# REQUIRED ACTION
Look through the listing below for the line with "Pinza per capelli" and the line with "For Motorola Moto". Copy both, along with every line between them, exactly and with no pictures.

# EXTRACTED DATA
---

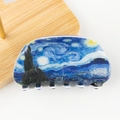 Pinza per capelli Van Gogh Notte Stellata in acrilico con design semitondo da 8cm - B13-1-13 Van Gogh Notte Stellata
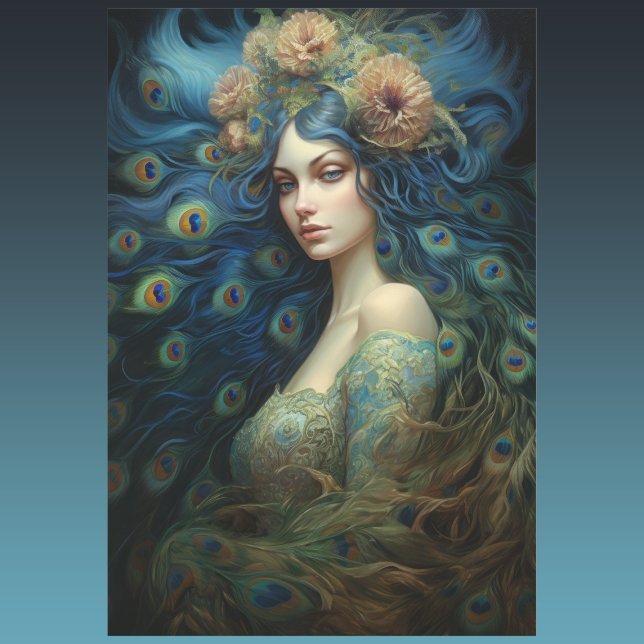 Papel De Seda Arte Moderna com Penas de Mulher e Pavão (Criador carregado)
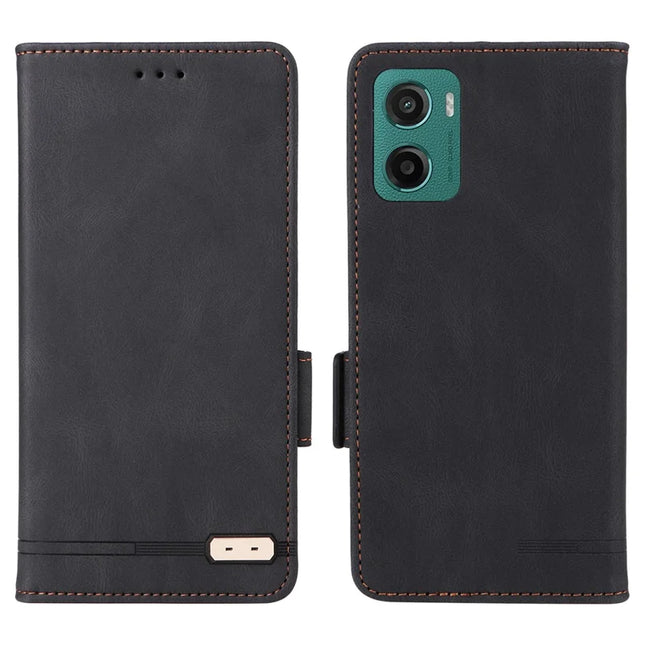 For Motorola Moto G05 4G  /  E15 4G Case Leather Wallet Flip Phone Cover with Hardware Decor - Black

---

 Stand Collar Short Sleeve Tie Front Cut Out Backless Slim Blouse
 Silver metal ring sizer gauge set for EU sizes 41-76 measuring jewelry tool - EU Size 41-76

---

# RESULT OF THIS TASK
 Pinza per capelli Van Gogh Notte Stellata in acrilico con design semitondo da 8cm - B13-1-13 Van Gogh Notte Stellata
 Papel De Seda Arte Moderna com Penas de Mulher e Pavão (Criador carregado)
 For Motorola Moto G05 4G  /  E15 4G Case Leather Wallet Flip Phone Cover with Hardware Decor - Black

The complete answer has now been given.